Only the lines from the one containing "Популярность бренда nexpero" through the last line below should be written out, exactly and with both ends kept.

Stored data
================================

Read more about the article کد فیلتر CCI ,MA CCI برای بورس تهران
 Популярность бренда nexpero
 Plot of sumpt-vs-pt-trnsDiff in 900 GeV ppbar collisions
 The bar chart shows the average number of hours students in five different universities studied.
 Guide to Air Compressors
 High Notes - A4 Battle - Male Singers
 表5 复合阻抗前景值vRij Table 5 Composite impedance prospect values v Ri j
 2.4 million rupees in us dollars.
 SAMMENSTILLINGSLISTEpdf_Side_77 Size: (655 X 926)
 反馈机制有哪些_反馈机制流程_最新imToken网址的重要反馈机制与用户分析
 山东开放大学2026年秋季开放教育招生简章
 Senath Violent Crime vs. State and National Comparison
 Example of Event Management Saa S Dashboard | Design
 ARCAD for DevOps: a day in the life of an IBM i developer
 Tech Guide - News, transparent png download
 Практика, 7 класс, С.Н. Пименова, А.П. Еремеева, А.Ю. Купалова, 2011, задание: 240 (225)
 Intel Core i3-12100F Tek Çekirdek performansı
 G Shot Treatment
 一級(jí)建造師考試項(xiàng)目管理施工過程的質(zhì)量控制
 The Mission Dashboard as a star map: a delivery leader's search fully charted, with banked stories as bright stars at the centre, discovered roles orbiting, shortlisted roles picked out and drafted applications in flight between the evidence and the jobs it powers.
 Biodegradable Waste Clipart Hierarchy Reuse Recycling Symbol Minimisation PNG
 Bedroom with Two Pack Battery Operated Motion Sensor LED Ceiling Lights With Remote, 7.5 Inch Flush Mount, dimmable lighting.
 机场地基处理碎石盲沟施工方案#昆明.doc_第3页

================================

▸ **REPLY TO THE EXERCISE**:
 Популярность бренда nexpero
 Plot of sumpt-vs-pt-trnsDiff in 900 GeV ppbar collisions
 The bar chart shows the average number of hours students in five different universities studied.
 Guide to Air Compressors
 High Notes - A4 Battle - Male Singers
 表5 复合阻抗前景值vRij Table 5 Composite impedance prospect values v Ri j
 2.4 million rupees in us dollars.
 SAMMENSTILLINGSLISTEpdf_Side_77 Size: (655 X 926)
 反馈机制有哪些_反馈机制流程_最新imToken网址的重要反馈机制与用户分析
 山东开放大学2026年秋季开放教育招生简章
 Senath Violent Crime vs. State and National Comparison
 Example of Event Management Saa S Dashboard | Design
 ARCAD for DevOps: a day in the life of an IBM i developer
 Tech Guide - News, transparent png download
 Практика, 7 класс, С.Н. Пименова, А.П. Еремеева, А.Ю. Купалова, 2011, задание: 240 (225)
 Intel Core i3-12100F Tek Çekirdek performansı
 G Shot Treatment
 一級(jí)建造師考試項(xiàng)目管理施工過程的質(zhì)量控制
 The Mission Dashboard as a star map: a delivery leader's search fully charted, with banked stories as bright stars at the centre, discovered roles orbiting, shortlisted roles picked out and drafted applications in flight between the evidence and the jobs it powers.
 Biodegradable Waste Clipart Hierarchy Reuse Recycling Symbol Minimisation PNG
 Bedroom with Two Pack Battery Operated Motion Sensor LED Ceiling Lights With Remote, 7.5 Inch Flush Mount, dimmable lighting.
 机场地基处理碎石盲沟施工方案#昆明.doc_第3页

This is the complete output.